NOTE: By law, payments made to workers under an agreement allowing service charges in lieu of tips are deemed remuneration. The law further provides that gratuities or tips received regularly in the course of employment from other than the employer are considered wages if the employee reports them in writing to his/her employer. If not reported, these wages will be determined in accordance with the prevailing minimum wage rate or the amount of remuneration actually received by the employee from the employer, whichever is higher.
Records are defined as all books of original entry plus any summarizations or other media used to post to a general ledger or its equivalent, as well as all federal and state tax returns. Records also include machine-sensible data media used for recording, consolidating and summarizing accounting transactions within an employing unit’s automatic data processing system.
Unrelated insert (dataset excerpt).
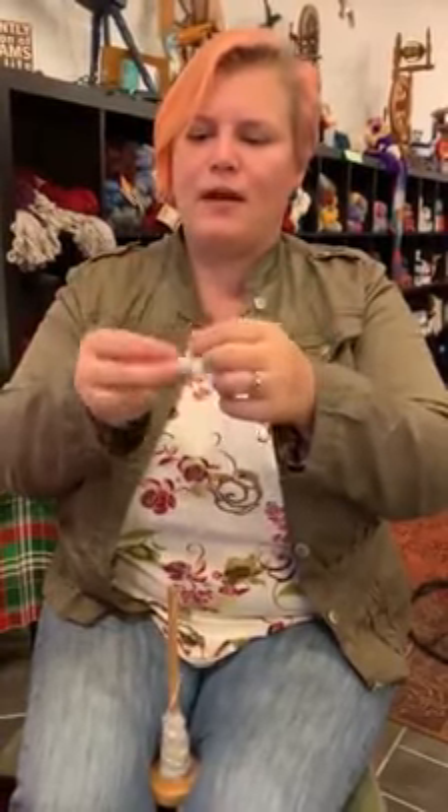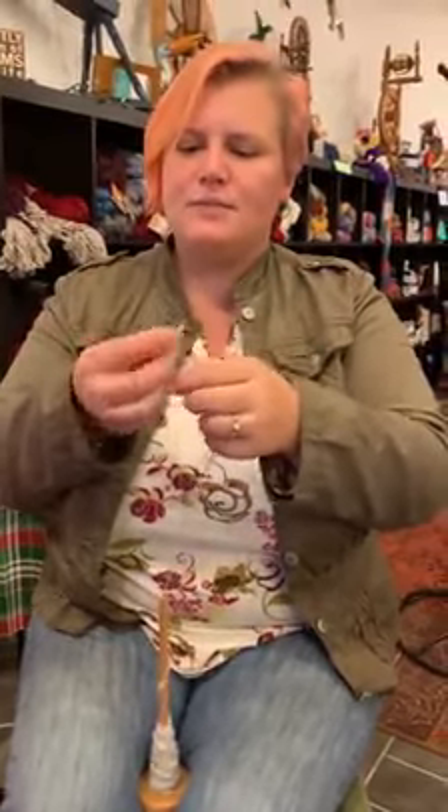Then I'm just gonna start wrapping it around there nice and loose, keep turning it and wrapping it in a circle, and it will slowly grow into a real ball.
All records required by the Division of Unemployment Insurance and the Division of Employer Accounts must be kept safe and readily accessible at the New Jersey place of business of the employing unit. Such records must, at all reasonable times, be open for inspection by authorized representatives of these agencies, and must be preserved for the current calendar year and for the four preceding calendar years.
We keep information obtained from employers confidential and use it only to administer the Unemployment Compensation Law. It is not open to the public and cannot be used in any court action unless the Department or the state is a party to such action. Upon request, a claimant may have released to himself/herself or to any duly authorized representative any part of the applicable record.